What this task involves — Return an exact copy of the data, starting at its first line and ending at the line that contains "Anti Slip Cotton", minus any pictures.
▬▬▬
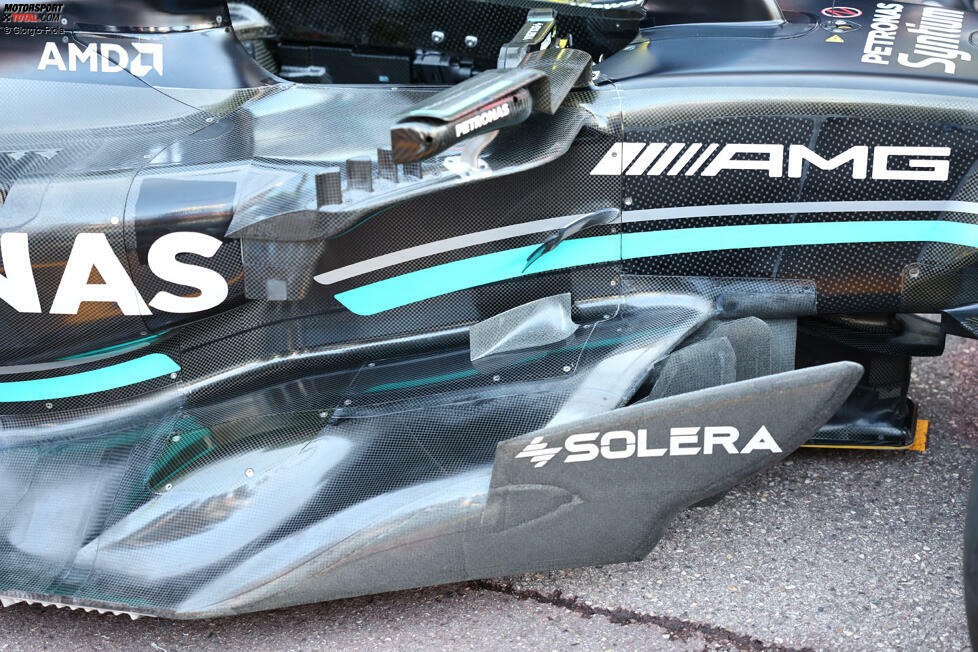 Mercedes W14: Unterboden und Seitenkasten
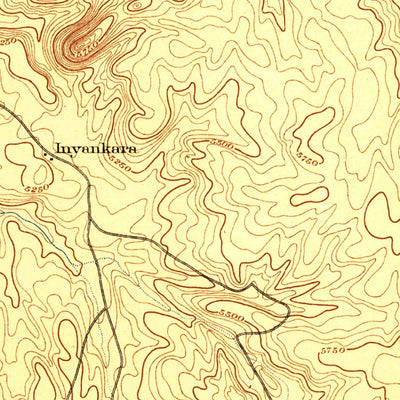 United States Geological Survey Sundance, WY-SD (1898, 125000-Scale) digital map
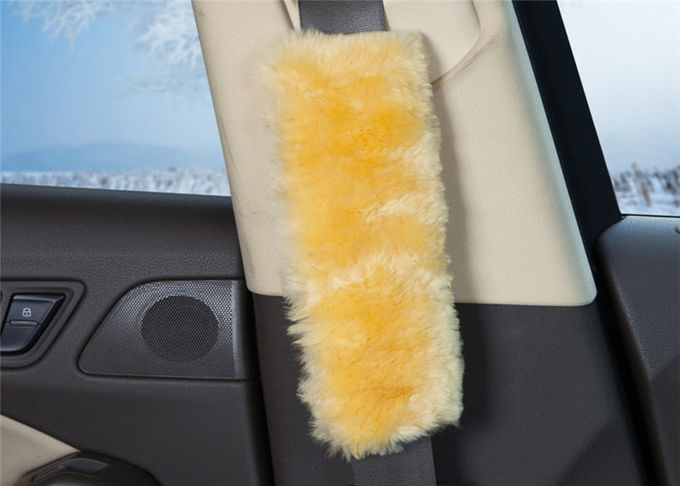 Θερμές μαλακές Washable Sheepskin καλύψεις λουριών ζωνών ασφαλείας για το αυτοκίνητο/το φορτηγό/το αυτοκίνητο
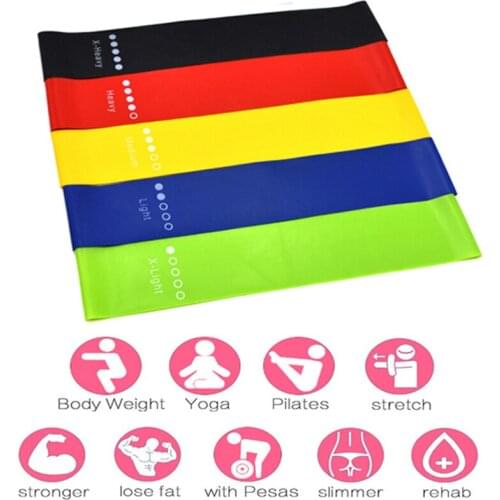 Anti Slip Cotton Hip Band Resistance Bands Booty Exercise Elastic Bands For Yoga Stretching Training Fitness Workout
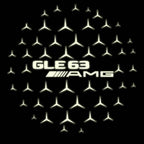 MERCEDES BENZ GLE63 AMG LOGO PROJECTOT LIGHTS  (quantity 1 = 1 set /2 door lights with 2 logo films)Nr.02M375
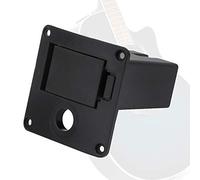 Akozon Custodia Portabatteria in Pelle PU da 9 V per Scatola Organizzatore per Pickup per Basso per Chitarra Elettrica 02 Bottone a Pressione Ovale (Baionetta quadrata)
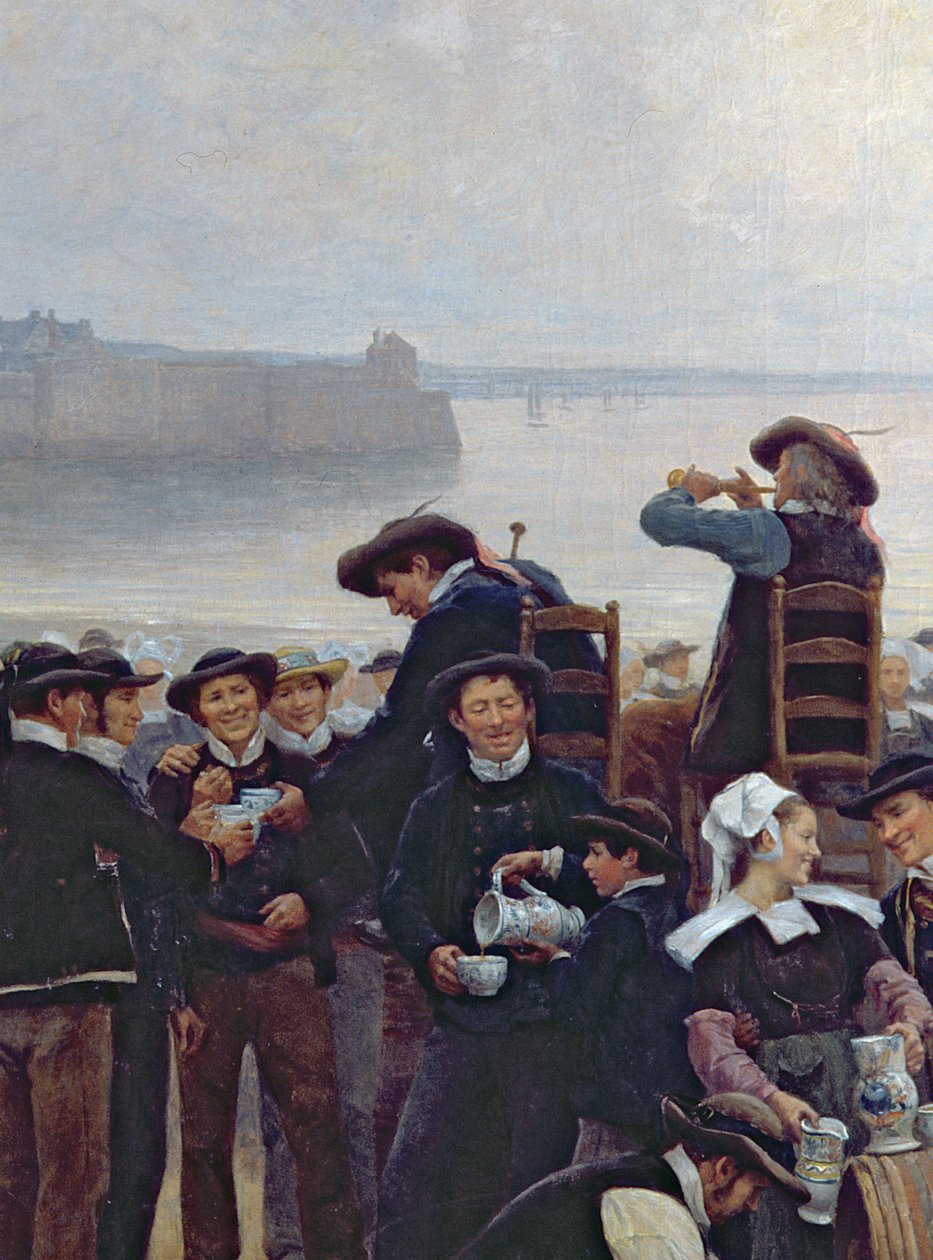Ułaskawienie w Bretanii (szczegółowo) (zob. także 164315, 164316) autorstwa Theophile Louis Deyrolle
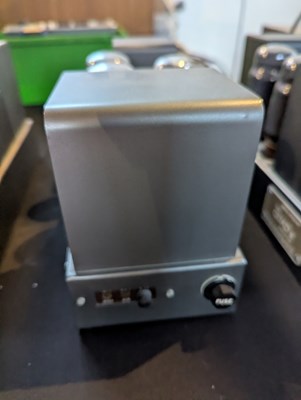 Lot 390 - A vintage Quad II valve amplifier, w.32cm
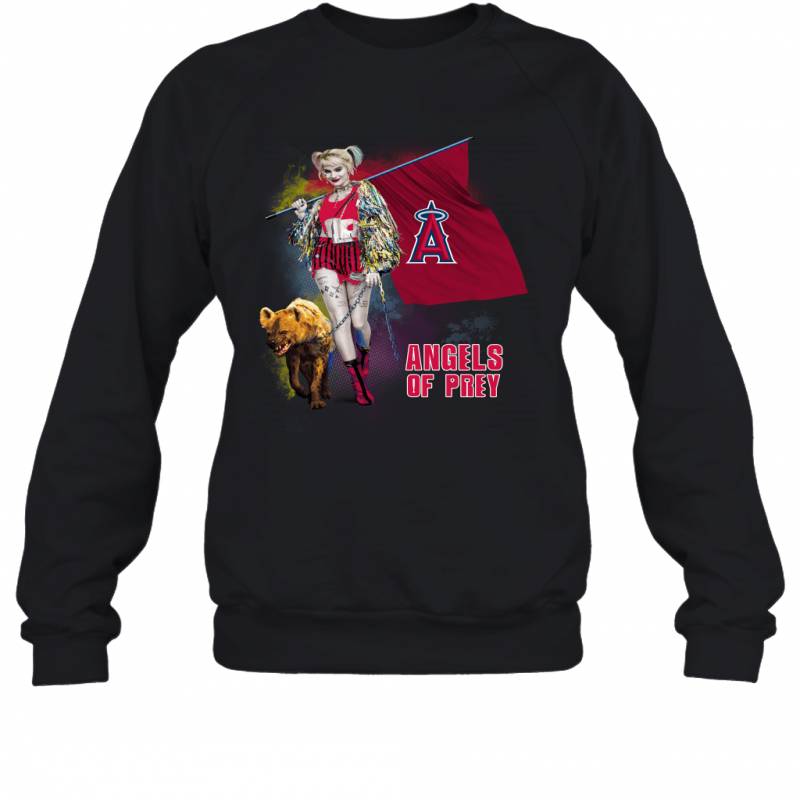 Harley Quinn flag Los Angeles Angels Of Prey Sweatshirt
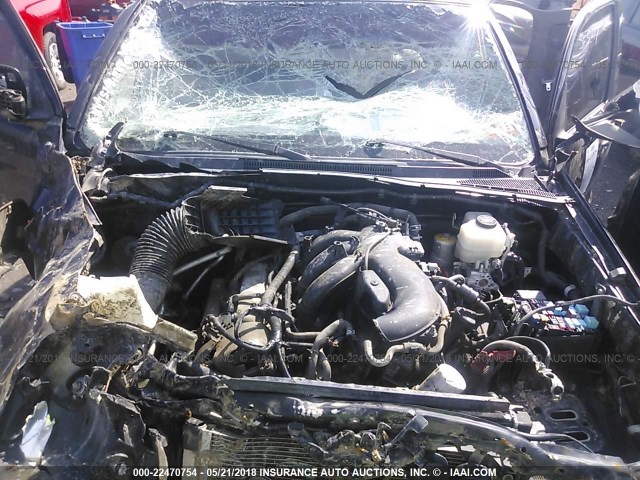 5TEUU42N49Z634950 - 2009 TOYOTA TACOMA ACCESS CAB Schwarz Foto 10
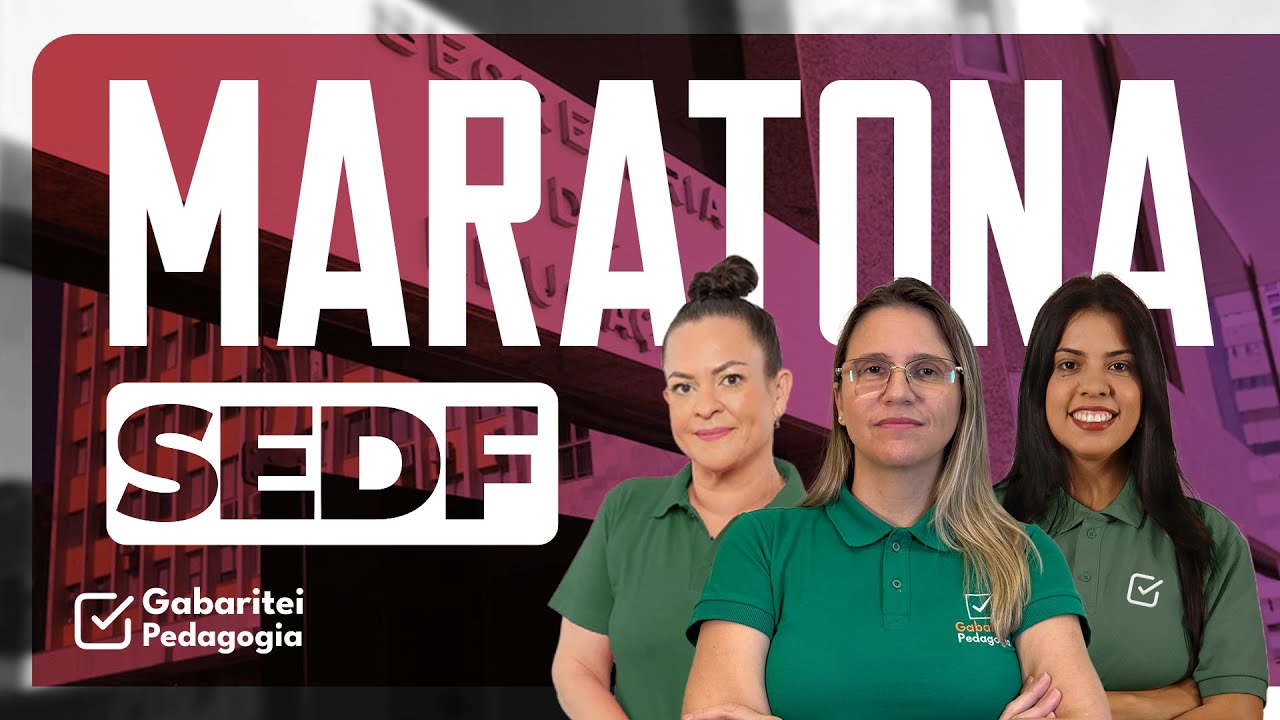 Maratona SEDF: Conhecimentos Pedagógicos, PDPM e Crase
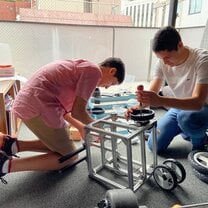 We made this robot from scratch, printing parts as needed.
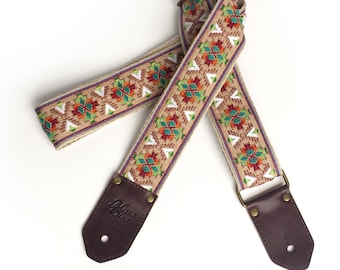 The Poncho Guitar Strap- Woven Southwest Native Design  display picture 3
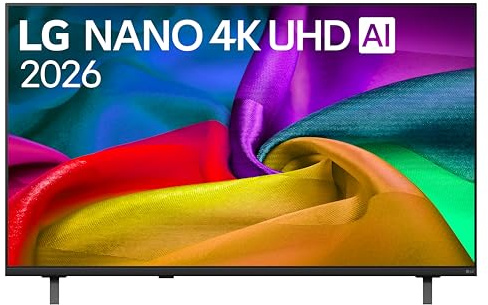 LG NANO AI UHD 50 Pollici, Serie NU8E 2026 Smart TV 4K - 50NU8E0B3LA | Processore con Nano Detail Enhancer, AI Chatbot, AI Concierge, HDR10 Pro, FILMMAKER Mode, Design Linear Flow, 3 HDMI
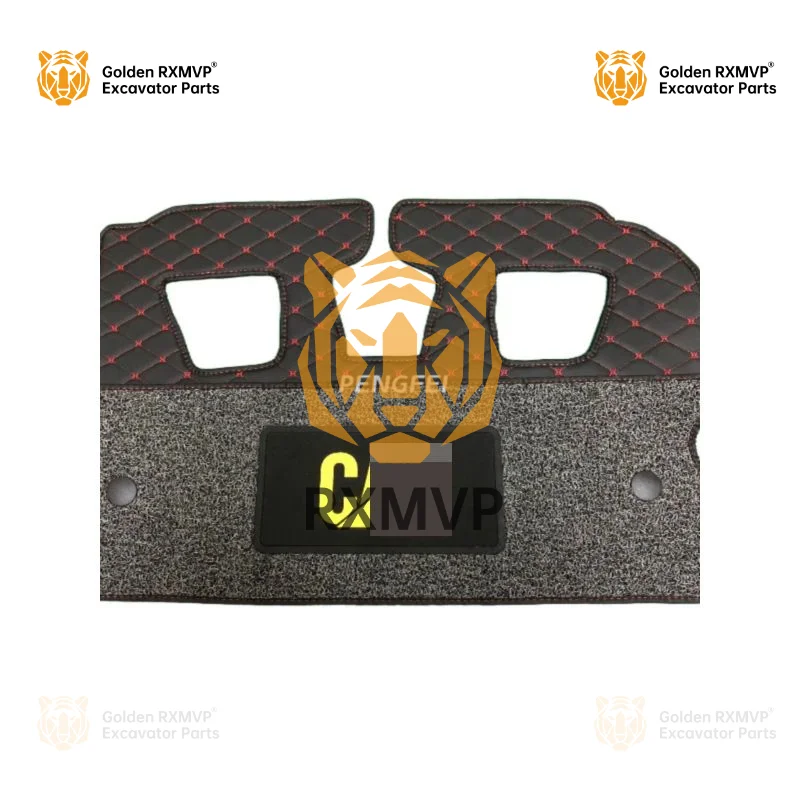 For Caterpillar Cat 305.5 306 307e/d/e2 307.5 Cab Floor Adhesive Double-layer Foot Mat Excavator Accessories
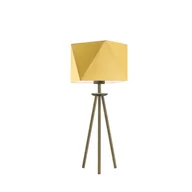 Lampy stojące - Lampka nocna LYSNE Soveto, 60 W, E27, musztardowa/złota, 50x23 cm - miniaturka - grafika 1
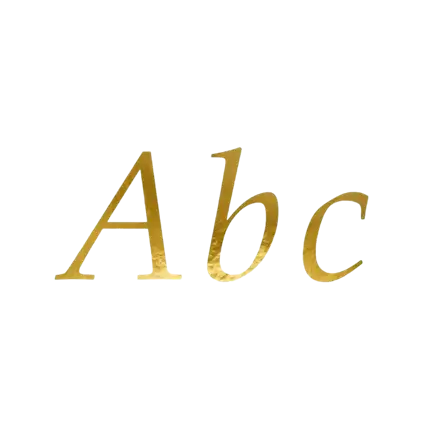 BUCHSTABEN AUFKLEBER GOLD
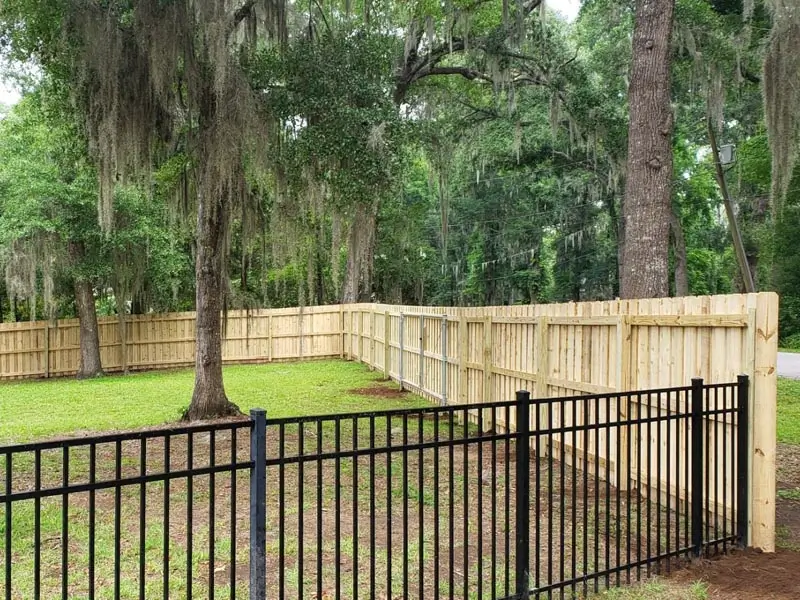Aluminum fence ocala florida fence installation company 03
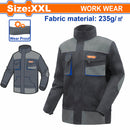 Camisa de Trabajo con material reflectante y bolsillos. Talla XXL Color Gris manga larga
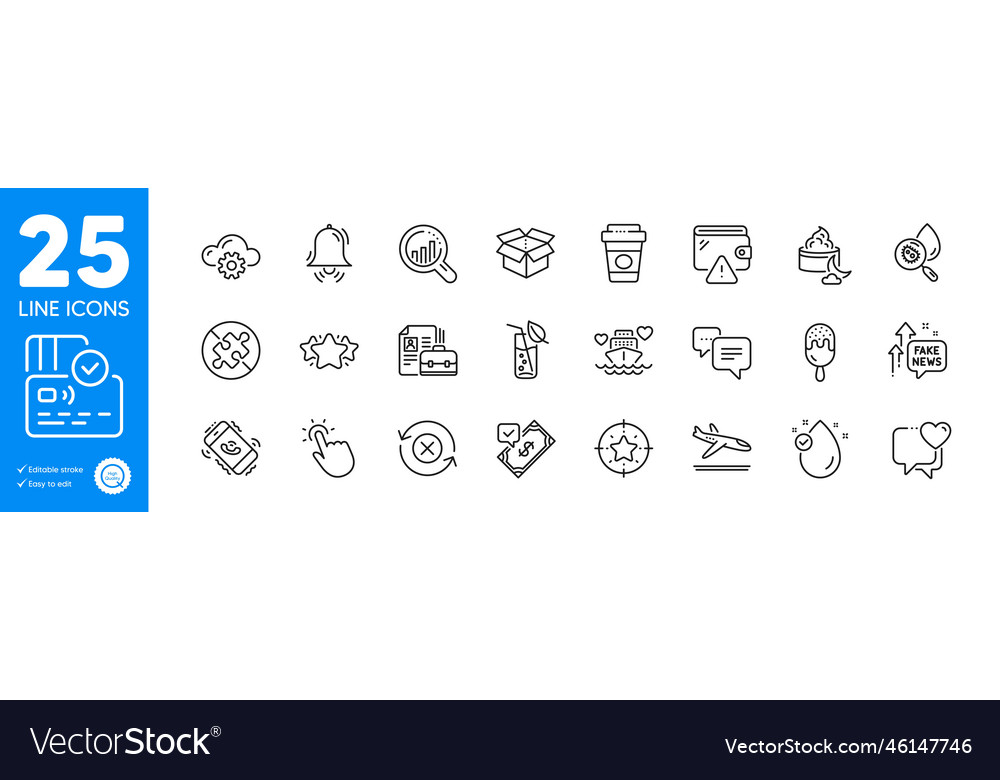 Outline icons set seo analysis star target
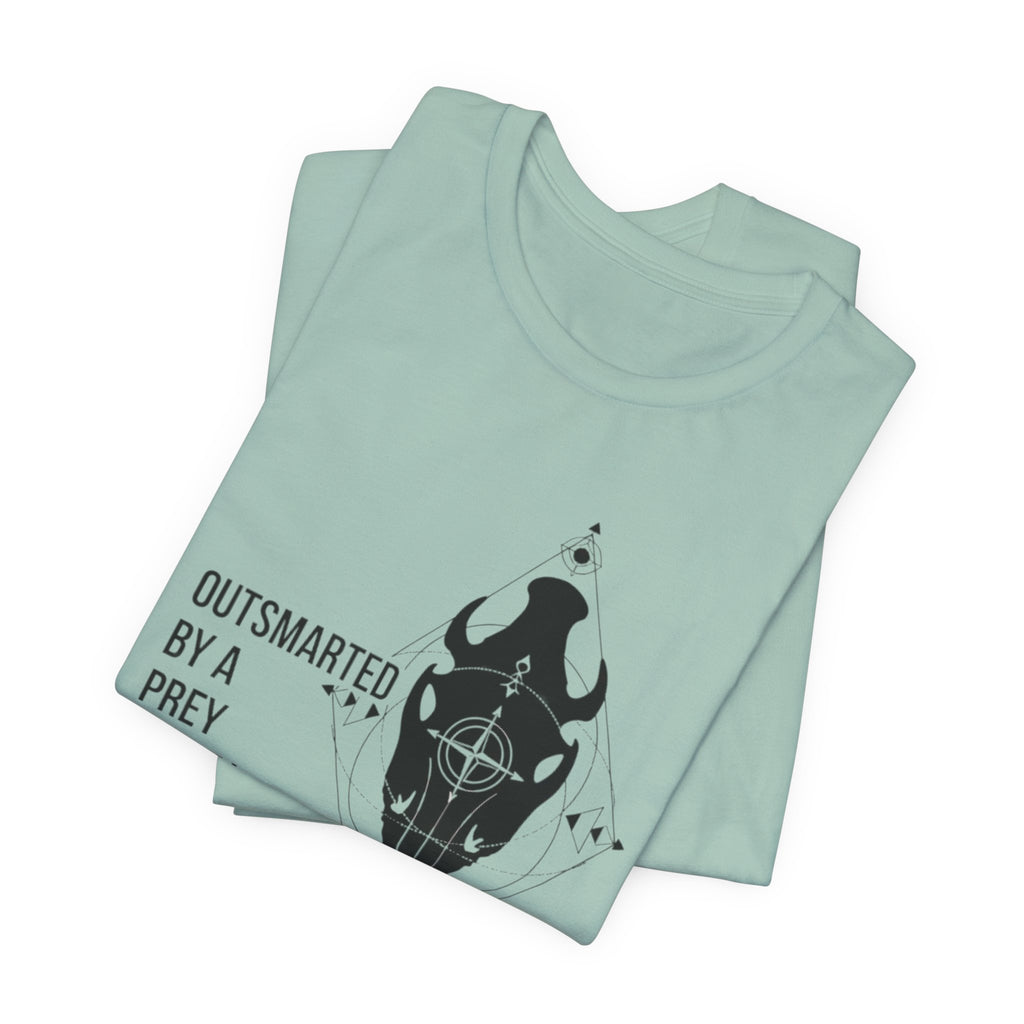 Outsmarted by a Prey Animal - Skull Graphic Tee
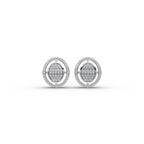 Oval Cluster Lab-Grown Diamond Earrings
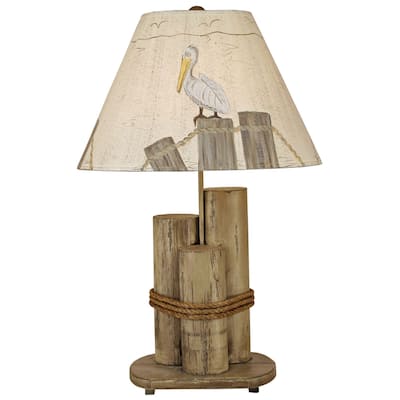 Coastal Dock Pilings Table Lamp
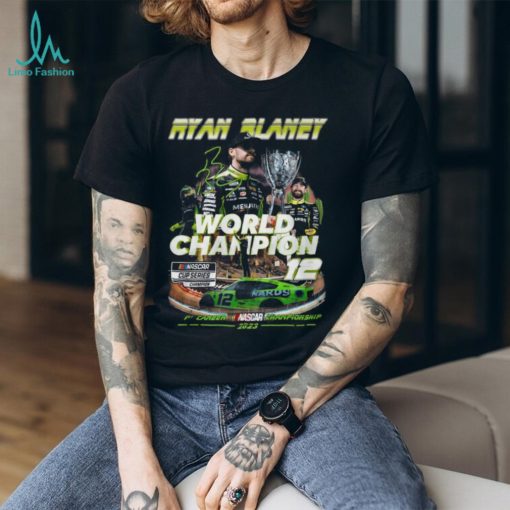 Ryan Blaney World Champion Nascar Cup Series T Shirt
▬▬▬
Solution —
 Mercedes W14: Unterboden und Seitenkasten
 United States Geological Survey Sundance, WY-SD (1898, 125000-Scale) digital map
 Θερμές μαλακές Washable Sheepskin καλύψεις λουριών ζωνών ασφαλείας για το αυτοκίνητο/το φορτηγό/το αυτοκίνητο
 Anti Slip Cotton Hip Band Resistance Bands Booty Exercise Elastic Bands For Yoga Stretching Training Fitness Workout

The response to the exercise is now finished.